Take for instance the multi-colored Asian lady beetle. Some of you know it as the Halloween beetle or the harlequin ladybird. You may have recognized it in your garden as a new visitor in the mid-1990’s - when it started taking up residence in North America. It’s a bit bigger than most lady beetles and has a number of black spots on its otherwise orange back. There are other color patterns (with fewer spots or reddish wing covers - rarely black) but they are less common.

These are the beetles that like to congregate near human habitations in the fall. They are particularly fond of tall isolated structures (like your house) that happen to be white (when available). And they prefer the south side where it is warmer.

All of this might be fine except they’re quite willing to come indoors if given the chance. Even worse, they’re likely to leave little red or brown stains behind, if you disturb them (their way of getting even, I guess).

This happens because of a process called reflex bleeding - a habit that many lady beetles have. If you’ve ever picked one up and turned it over, you may have seen little orange or red droplets forming in a number of places. These droplets contain alkaloids and are very bitter. They are meant to convince predators to not eat them. It’s a nice strategy outside. Inside, however, it can be an ornery way to treat your host.

A lot of people would really like to get rid of the critters. In fairness, though, they are pretty good at eating aphids - especially the ones that like to eat soybeans and other crops. The fact that they like to get together into groups can’t be held against them. A lot of lady beetles do the same thing.

The first time I saw this behavior was on the back side of Mount Whitney in eastern California. I was traveling with a couple of aquatic entomologists looking for winter stoneflies. We were high enough in the Sierra that the snow was several inches deep on the pines but was melting on the ground near fallen logs and exposed boulders.

I had worked my way around a large conifer to a small stream when I saw something red in the matted grass. When I looked closer, I was surprised to see hundreds of ladybird beetles sound asleep on the vegetation and on top of each other. I picked up a handful and poured them like so many small marbles from hand to hand. I had never seen so many live beetles together in one place before in my life. When they started to wake up and crawl all over my coat, it felt like a great entomological moment.

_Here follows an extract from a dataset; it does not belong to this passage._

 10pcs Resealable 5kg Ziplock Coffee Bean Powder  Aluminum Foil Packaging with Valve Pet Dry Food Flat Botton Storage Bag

A few years later I came upon a small bag of lady beetles in a hardware store. The bag was really just a secured netting to keep the live beetles from running or flying away. They were being advertised as a natural way to control aphids.

I knew immediately that somebody had discovered an over-wintering mass like I had. I wondered how many beetles they had found and how big their margin was. It isn’t often that the entomological mind turns entrepreneurial but it almost happened then. I almost bought a bag. Fortunately I was broke at the time.

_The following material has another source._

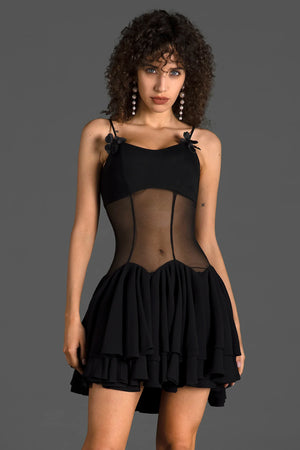 Zaneta Spaghetti Sheer Ruffle Mini Dress In Black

I say fortunate because it very likely would have been a waste of money. Unless you release the beetles into a confined area - like a greenhouse - they won’t stick around to eat your aphids. In the mountains, where they are gathered by the thousands, they are prepared to fly off as soon as they wake up.

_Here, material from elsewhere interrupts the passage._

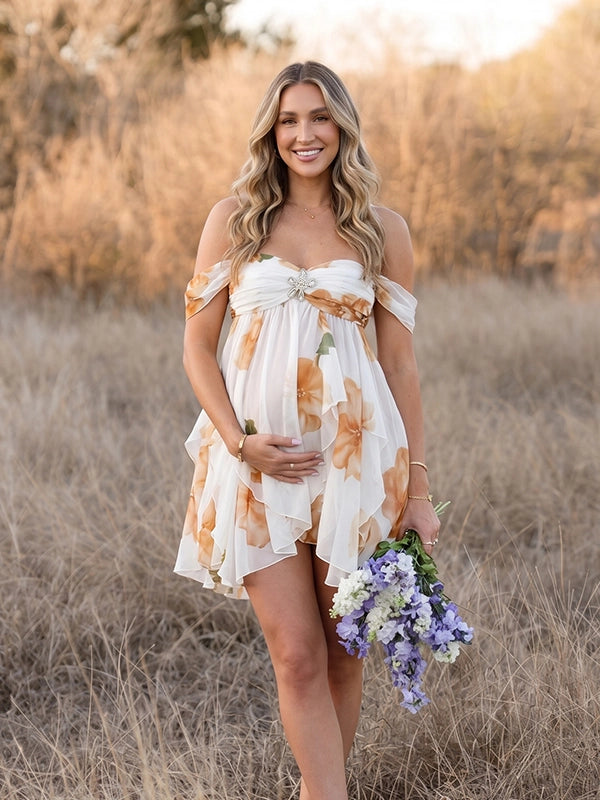 Floral Off Shoulder Ruffled Backless Maternity Mini Dress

In the autumn when the weather turns, the beetles fly from the valley up into the hills for the winter. In the spring, when they wake up, they fly up into the air and back to the valley to eat and reproduce. Since the bagged bugs in the store have almost always been gathered, en masse, in the mountains, their first inclination, once they are released into your garden, is to fly up and away. No doubt, they do a fine job of finding and eating somebody’s aphids. Unfortunately, they probably won’t be yours.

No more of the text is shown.